[DATA FOR PROCESSING Boundary: Start]
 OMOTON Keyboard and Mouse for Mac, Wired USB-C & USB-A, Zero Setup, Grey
[DATA FOR PROCESSING Boundary: End]
[DATA FOR PROCESSING Boundary: Start]
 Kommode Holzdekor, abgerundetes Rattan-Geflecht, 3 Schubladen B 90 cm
[DATA FOR PROCESSING Boundary: End]
[DATA FOR PROCESSING Boundary: Start]
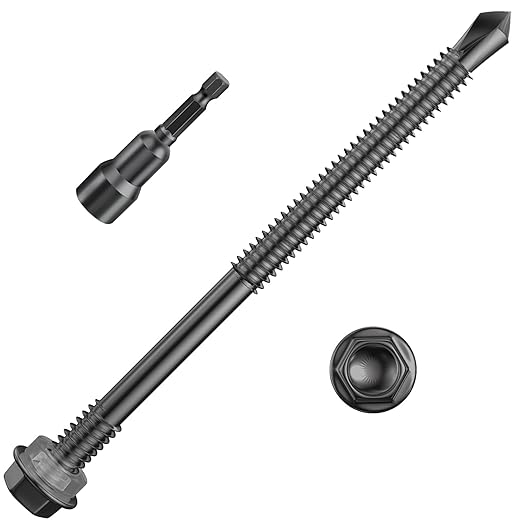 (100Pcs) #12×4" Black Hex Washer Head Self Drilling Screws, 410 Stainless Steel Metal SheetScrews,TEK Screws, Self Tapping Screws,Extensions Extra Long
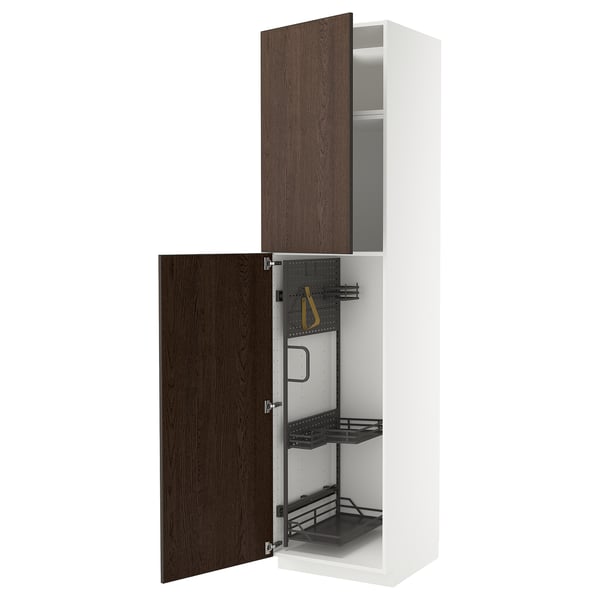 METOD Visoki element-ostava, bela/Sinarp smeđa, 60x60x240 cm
[DATA FOR PROCESSING Boundary: End]
From the records above, copy exactly the stretch from the line holding "Screws,Extensions Extra Long" through the line holding "METOD Visoki element-ostava, bela/Sinarp", both ends included, without the pictures.

TASK RESPONSE:
 (100Pcs) #12×4" Black Hex Washer Head Self Drilling Screws, 410 Stainless Steel Metal SheetScrews,TEK Screws, Self Tapping Screws,Extensions Extra Long
 METOD Visoki element-ostava, bela/Sinarp smeđa, 60x60x240 cm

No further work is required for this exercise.